A feasibility study completed by Dekker/Perich/Sabatini suggested a 4,800-square-foot building with a classroom, lobby, offices, restrooms and storage space, plus a viewing deck that brings the total square footage to 8,000.

But the proposal drew pushback from area homeowners and others who argue the project would detract from the natural beauty of the open space.

The lawsuit alleges that deed restrictions dating to 1982, when the city acquired the property from Albuquerque Academy, limit the property’s use to such “passive recreation uses” as benches, restrooms, shelters and other “minor recreation facilities.”

The deed also gives Albuquerque Academy some authority to veto proposed uses for the 640-acre park.

But Albuquerque Academy officials say they don’t plan to object to the city’s proposal.

“All we’re saying is, we’re allowing public discourse to play out,” said Julianne Puente, Albuquerque Academy head of school.

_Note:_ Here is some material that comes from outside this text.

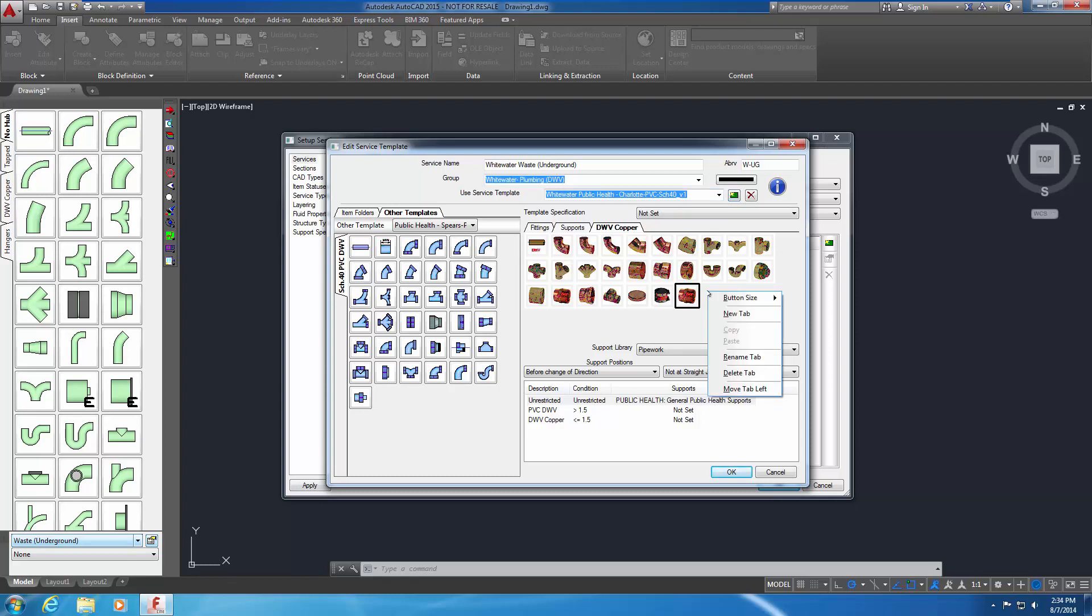Move the DWV Copper tab left so that it is between the Fittings tab and the Supports tab. To do this, right-click in the gray area of the service pane. A shortcut menu appears. Select Move Tab Left. The DWV Copper tab is now located as desired. If you right-click on a tab name, you can rename, copy, or delete the tab. You can also select the service button sizes or set them to automatically resize based upon the number of service buttons on a service palette.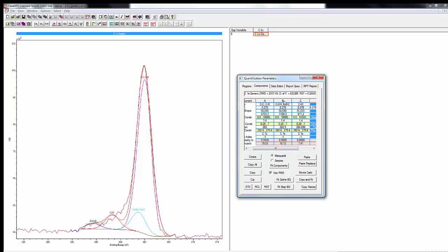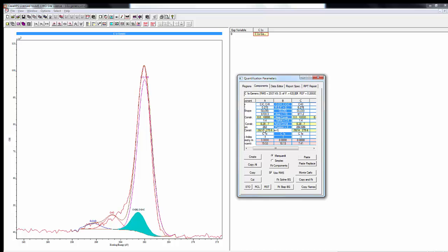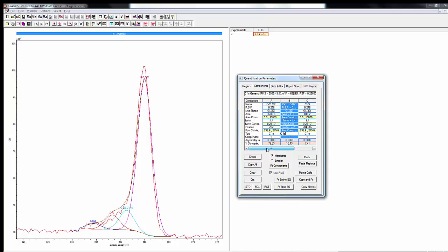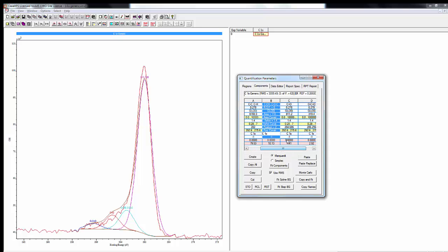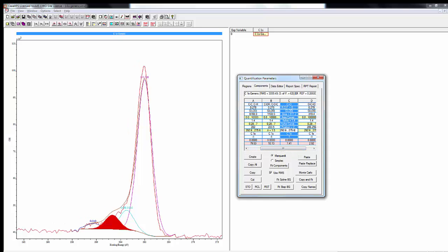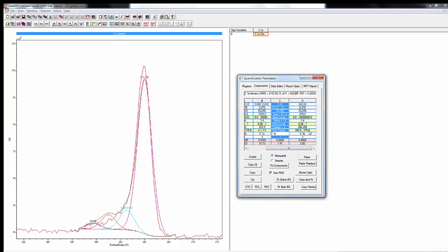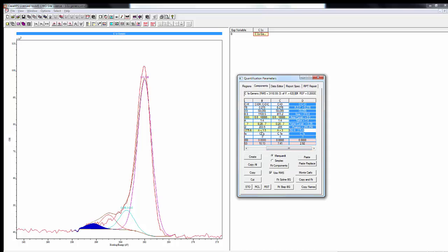The alcohol peak generally I set at about 1.5 eV above the aliphatic peak, so we're changing our position constraints to A plus 1.5. For the ketone I generally start with A plus 3, and for our acid functionality and ester functionality we're going to add about A plus 4 to start with.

“We don’t feel it’s our land to control,” Puente said Friday. “I mean, the city bought it.”

Puente and other Albuquerque Academy officials sent a letter to parents and alumni in October outlining the school’s position.

“You may have heard in the local media that a few area homeowners are against the proposal and, in fact, they have asked the school to use the terms of the deed to stop the project from going forward,” the letter said. “However, it is the position of the Academy Board of Trustees and leadership not to interfere with the planning process, which includes further study and opportunities for public input.”

The lawsuit contends that the deed restrictions still apply to the city.

Wade Jackson, an Albuquerque attorney who filed the suit, said Friday that New Mexico law allows such third parties as homeowners to enforce deed restrictions that affect their properties.

An Albuquerque Parks and Recreation Department spokeswoman said Friday that the city has made no decision about where an Elena Gallegos educational center would go inside the park, what it would look like, or if it will even be built at all. The project remains in the “public input phase,” and there are ongoing environmental and engineering studies, she said.

At this point, spokeswoman Franchesca Perdue said, the city “has done nothing to violate the terms of the deed,” though she noted the deed does allow some types of buildings.

“Whether or not a project would be consistent with the deed will depend on those (future) specifics,” Perdue said in a written response to Journal questions. “(The Parks staff) have had a preliminary discussion with the Albuquerque Academy so that they understand the general project concept and any constraints. As far as we know, the Academy has stated they do not object to the continuation of the public process.”

The city’s feasibility study identified two potential building sites: A spot next to the Cottonwood Springs Trailhead and a parcel inside the park’s paved Loop Road. Perdue also said the proposed 4,800-square-foot floor plan remains conceptual.

“The Open Space Division would not propose a project that we feel would unacceptably impact the Elena Gallegos Open Space, and we will continue to advocate for increased access and social equity in environmental education,” she said.